2. Pouvez vous nous donner un aperçu général sur les principaux défis environnementaux auxquels sont confrontés les océans aujourd’hui ?
En référence au message envoyé par le Secrétaire Général de l’ONU, António Guterres, à l’occasion de la Journée mondiale de l’océan, « les changements climatiques entraînent une montée des eaux et constituent une menace existentielle pour les petits États insulaires en développement et les populations côtières. Les températures marines atteignent des niveaux records qui provoquent des phénomènes météorologiques extrêmes dont nous ressentons tous les effets. L’acidification de l’océan détruit les récifs coralliens, rompant un maillon essentiel des chaînes alimentaires et faisant peser une menace sur le tourisme et les économies locales. L’aménagement non durable des littoraux, la surpêche, l’exploitation minière des grands fonds marins, la pollution incontrôlée et les déchets plastiques causent des dommages considérables aux écosystèmes marins du monde entier ».

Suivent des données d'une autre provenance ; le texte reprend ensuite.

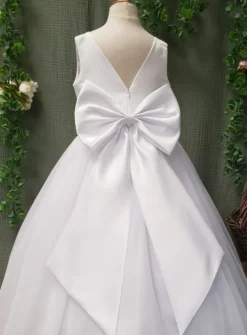 Robe demoiselle d'honneur longue fille Nelly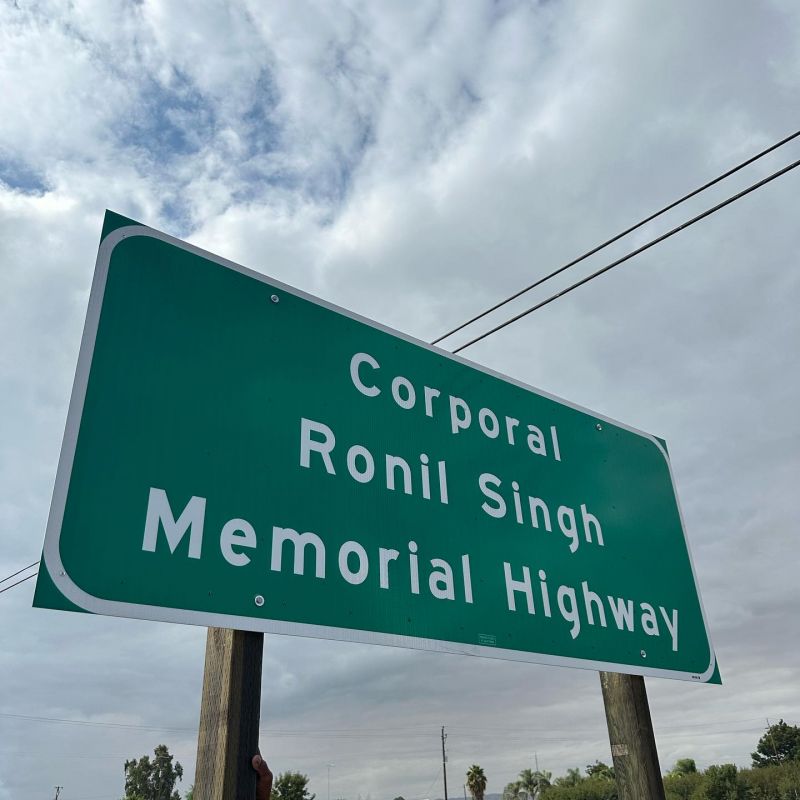 Highway in California Named After Indian-Origin Police Officer Ronil Singh who was shot dead in 2018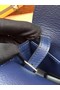 Hermes Original Halzan mini bag H069523 blue  Replica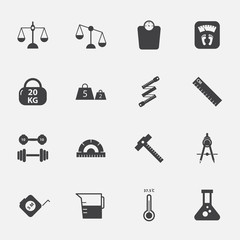 Fototapeta premium measuring icons set.vector\illustration.
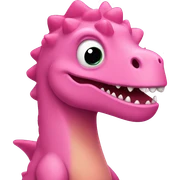 pink dinosaur sticker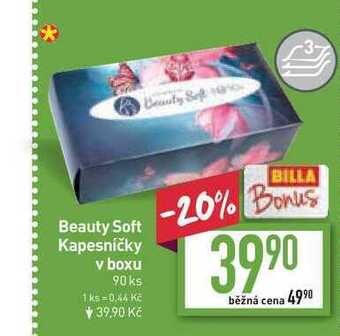 Billa Beauty soft kapesníčky v boxu 90 ks nabídka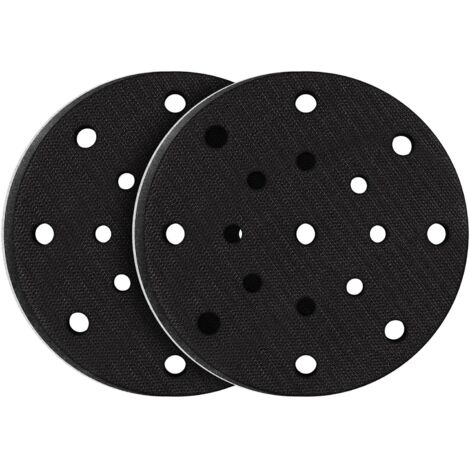 Almohadilla de lijado suave de 150 mm, interfaz de espuma suave para lijado y pulido, con protección acústica (17 agujeros)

3. Comment la présence des polluants (exemple des microplastiques) dans les océans affecte-t-elle la biodiversité marine et les écosystèmes marins à travers le globe?
L’ODD 14, tel que défini par les Nations Unies, porte sur la conservation et l’exploitation durable des ressources marines. Ce vaste écosystème aquatique, qui couvre 70% de la surface de la Terre, joue un rôle essentiel dans la préservation de la vie humaine et de la biosphère en général. En plus de fournir des ressources essentielles − nourriture, énergie, eau −, les océans aident à lutter contre le réchauffement climatique en absorbant environ un quart du dioxyde de carbone émis chaque année dans le monde. La pollution plastique est une très forte menace pour nos océans et une grande problématique mondiale aux conséquences néfastes pour la santé humaine et l’environnement.
4. Pour revenir vers le thème de cette année « Renouveler en profondeur notre action », comment pouvons nous agir plus efficacement en faveur de la santé des océans, notamment en utilisant les nouvelles technologies?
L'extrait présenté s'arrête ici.